The 1996 High Court decision in Thompson v Australian Capital Television Pty Ltd suggested the defence may apply to “mere distributors of electronic material”. However, this may depend on whether courts determine that an ISP/ICH’s part in publishing Internet content created by other persons is the same as that of a television station that broadcasts television programs created by others. Television stations broadcast a limited number of programs per day at selected times and according to the decision in Thompson v Australian Capital Television Pty Ltd are expected to check the content prior to broadcast. However, requiring ISPs/ICHs to check the content of thousands, in some cases millions, of items published via their systems each day without their specific knowledge is a significantly different matter.
However, the new uniform Defamation Act (which now applies in all States and Territories with some minor differences in section numbering – the links are to the NSW Act) creates a codified defence of innocent dissemination:
32 Defence of innocent dissemination
(1) It is a defence to the publication of defamatory matter if the defendant proves that:
(a) the defendant published the matter merely in the capacity, or as an employee or agent, of a subordinate distributor, and
(b) the defendant neither knew, nor ought reasonably to have known, that the matter was defamatory, and
(c) the defendant’s lack of knowledge was not due to any negligence on the part of the defendant.
(2) For the purposes of subsection (1), a person is a “subordinate distributor” of defamatory matter if the person:
(a) was not the first or primary distributor of the matter, and
(b) was not the author or originator of the matter, and
(c) did not have any capacity to exercise editorial control over the content of the matter (or over the publication of the matter) before it was first published.
(3) Without limiting subsection (2) (a), a person is not the first or primary distributor of matter merely because the person was involved in the publication of the matter in the capacity of:
(e) a broadcaster of a live programme (whether on television, radio or otherwise) containing the matter in circumstances in which the broadcaster has no effective control over the person who makes the statements that comprise the matter,
A blogger will almost certainly not be able to rely on a defence of innocent dissemination for quoting or linking to posts or articles of whose contents she is aware, unless the defamatory imputations (meanings) are non-obvious.

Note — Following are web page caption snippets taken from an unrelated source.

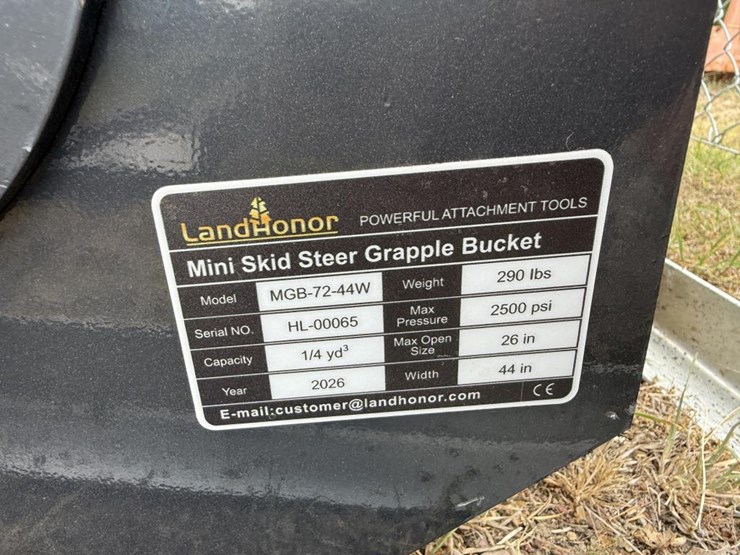 #41-•-mini-skid-steer-grapple-bucket-image-5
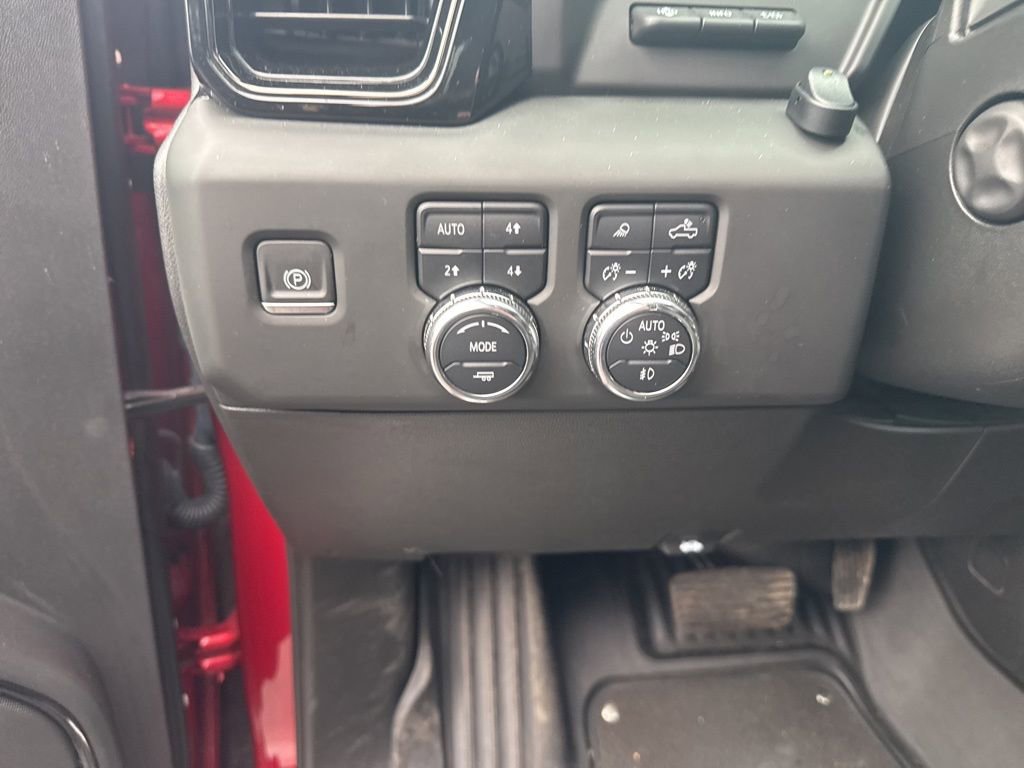 Used 2023 GMC Sierra 1500 AT4 w/ Technology Package image 17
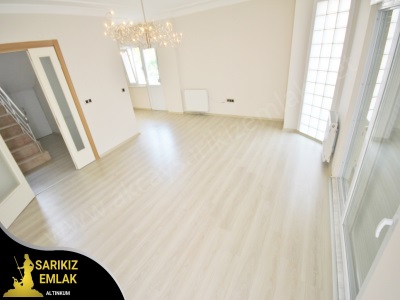 Edremit Güre De Müstakil Bahçeli 3+1 Denize 500 M Satılık Villa Mah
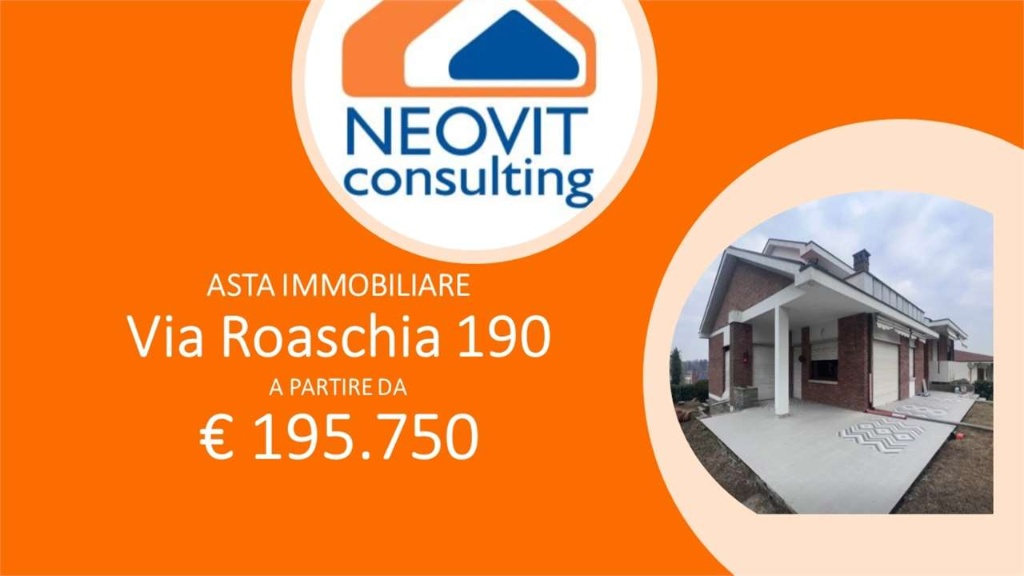 casa indipendente in vendita a Chieri in zona Roaschia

On the other hand, the innocent dissemination defence would probably provide fairly strong protection for general blogroll links, and rather more limited protection against blogger liability for defamatory comment box material. I say “limited” because section 32(1)(c) contains a requirement that “the defendant’s lack of knowledge was not due to any negligence on the part of the defendant”. A blogger in relation to her commenters is probably in a position analogous to that of the host of a live radio or TV program with her guests, and so covered by section 32 (3)(e). Thatis, she has no effective way of controlling what commenters say on her blog, but does have an effective means to delete defamatory comments by monitoring regularly.
If you don’t bother to check your comment boxes regularly and delete defamatory comments, you are highly unlikely to satisfy that requirement. How frequently you would need to check comment boxes has not as far as I know been the subject of a court decision, but may well depend on the size and nature of your audience, the number and nature of typical daily comments and other similar factors. It might well be that blogs with an aggressive/robust commenting culture (e.g. Tim Blair, Catallaxy, Spin Starts Here) would need to monitor comment boxes more regularly than one with a more genteel (precious?) audience like Club Troppo. My gut feeling is that as a rule of thumb a blogger with a reasonably well read blog and an active commenting community would have difficulty negating negligence (and on normal legal principles the onus would almost certainly fall on the blogger to establish this) unless she checked comment boxes a couple of times per day at least.